Sitt Consultants Attack Coney Plan as City Offers $105 M. for Land

It’s now been over two years since the Bloomberg administration began its public battle with Coney Island landlord Joe Sitt, frequently raining criticism on his plans for the Brooklyn amusement hub at public forums and in the press. Mr. Sitt is the largest landowner in the central amusement district and has resisted the city’s plans to revamp the area, saying it would be economically unviable.

The latest turn in the unending face off—the city is attempting to buy Mr. Sitt’s land, though the two sides are far apart in their prices—came as Mr. Sitt enlisted a string of consultants to question the economic feasibility of the city’s plan at a City Council hearing on Wednesday, at the same time that the city made a new offer of $105 million for his land. That’s down from $110 million, an offer made last fall during negotiations that fell apart.

At the hearing, consultants for Mr. Sitt raised a series of objections to the city’s planned rezoning, characterizing it as unrealistic and financially unfeasible. (The city wants to buy the land in the amusement district just north of the beach and bid it out to a developer that would build hotels, retail, and indoor and outdoor rides to create a year-round destination.)

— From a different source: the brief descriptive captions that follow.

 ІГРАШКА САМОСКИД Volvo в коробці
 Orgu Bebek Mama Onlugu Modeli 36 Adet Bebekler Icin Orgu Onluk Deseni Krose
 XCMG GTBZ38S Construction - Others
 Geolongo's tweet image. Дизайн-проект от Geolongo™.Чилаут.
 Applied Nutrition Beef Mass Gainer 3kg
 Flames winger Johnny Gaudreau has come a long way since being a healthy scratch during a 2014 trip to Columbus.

“The mistake in the city’s plan is fundamental urban planning,” Jeff Lococo, an amusement consultant, said in prepared testimony. Under the proposed plan, he said in the testimony, “the entire redevelopment district will become seasonal in nature and thus cannot economically sustain itself.”

City officials have said their plan seeks to strike a balance between the current setup—where vacant lots dominate the area—and a zoning that would allow for residential, which would clearly be financially viable, but would weaken the amusement focus of the district.

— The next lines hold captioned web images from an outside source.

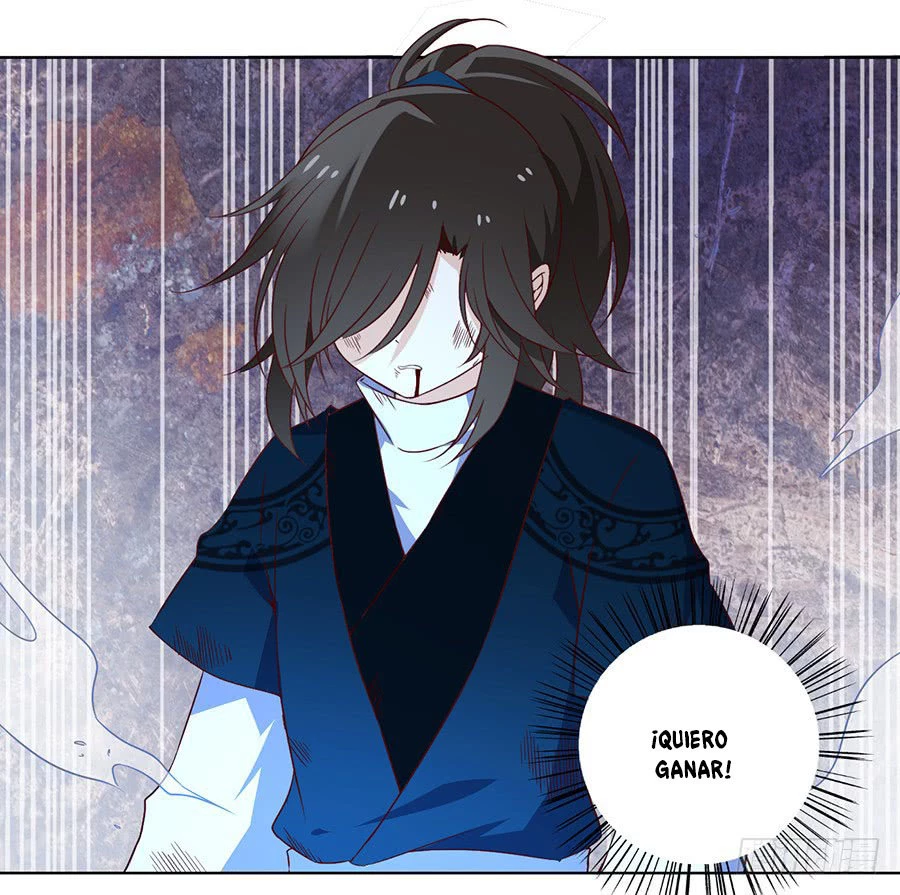 The Distinguished Cute Master > Capitulo 16.00 > Page 271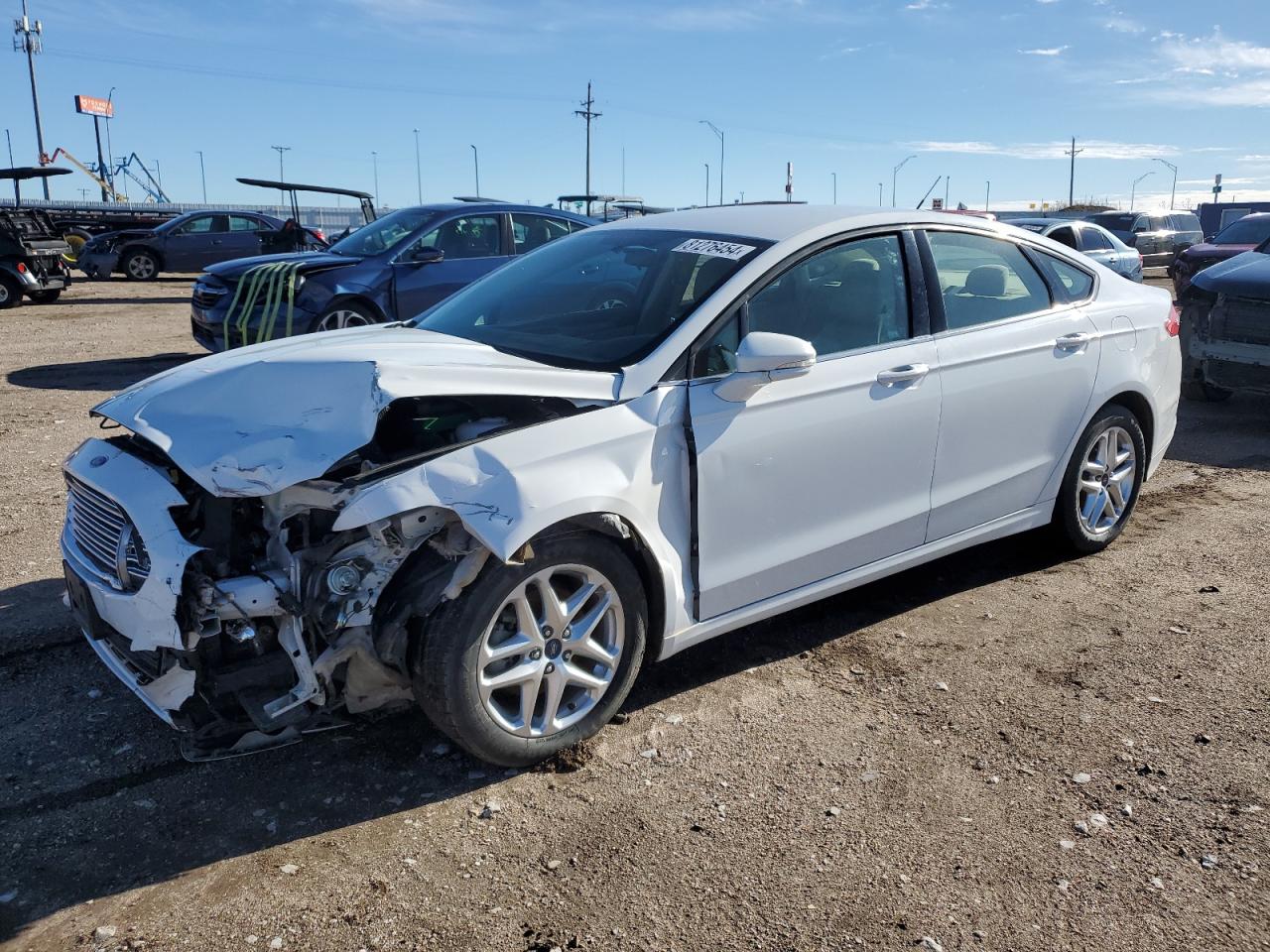 2013 Ford Fusion - Image 1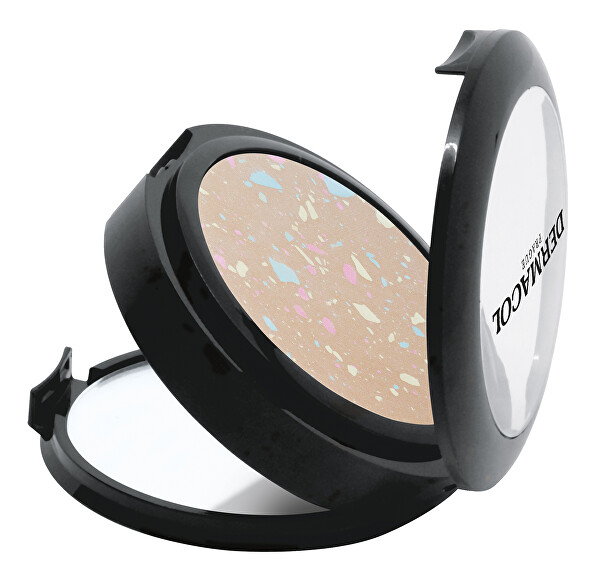 Pulbere compactă minerală Mozaika (Mineral Compact Powder) 8,5 g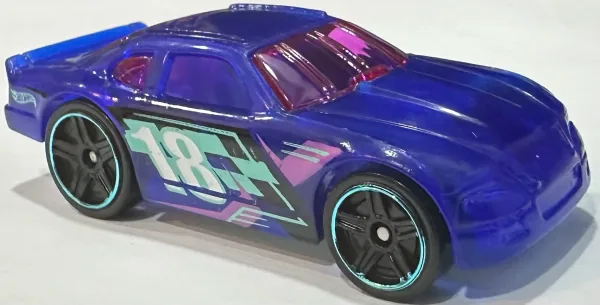 Stockar | (2nd Color) 2025 Hot Wheels (X-Raycers)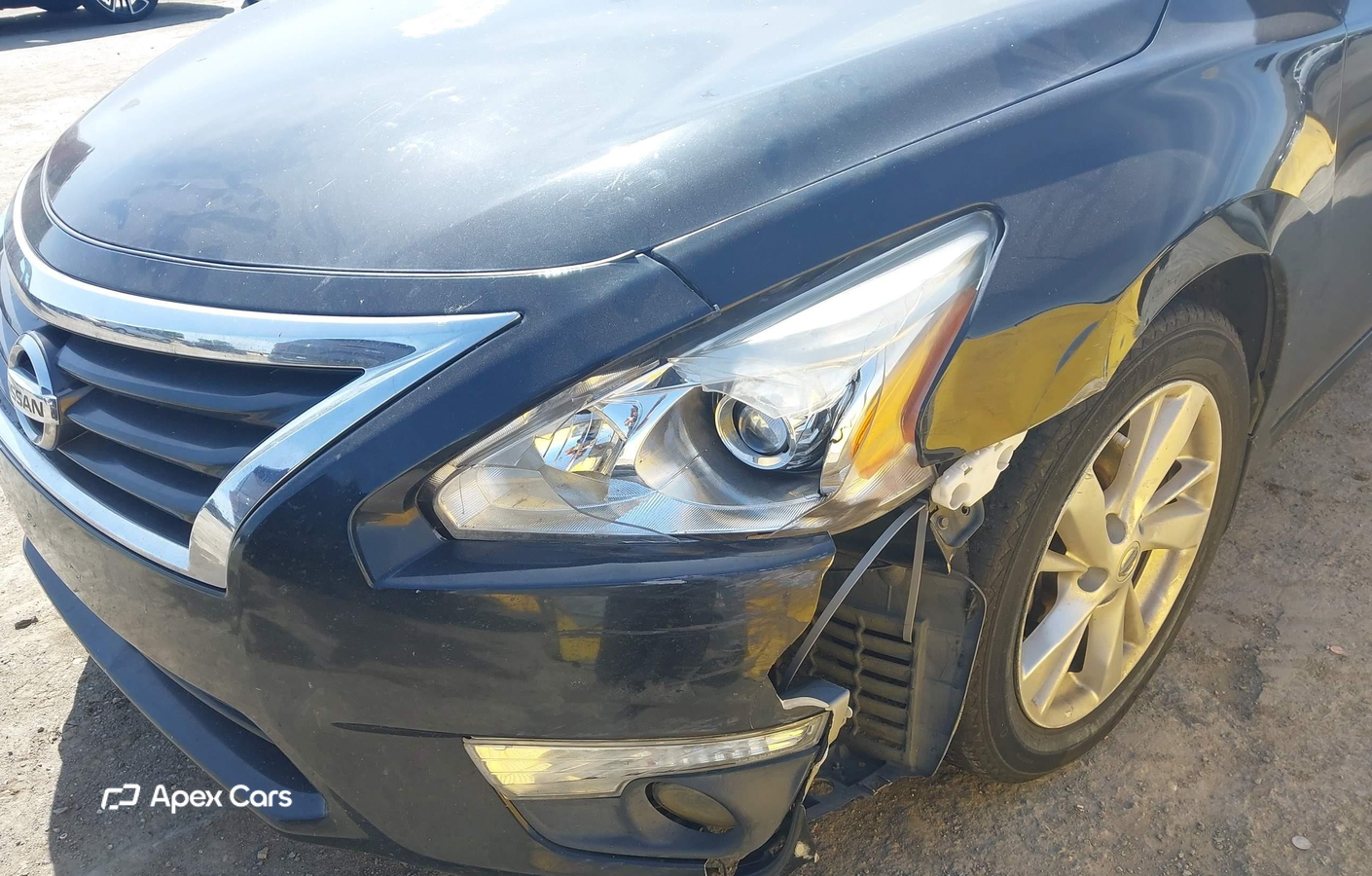 Nissan Altima 2013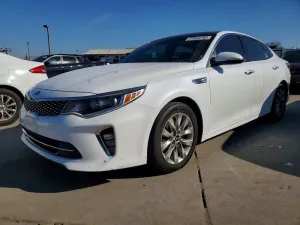 2018 KIA OPTIMA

While the Bloomberg administration does not need to remove Mr. Sitt in order to rezone the area, without his cooperation, it’s hard to see how the amusement area would undergo the revitalization the city envisions.  

Of course, it’s still early in the game. The Bloomberg administration is in the midst of the public approval process for its planned rezoning, and any deals struck traditionally happen at the end of that process. The City Council is slated to vote on the administration’s plan this summer.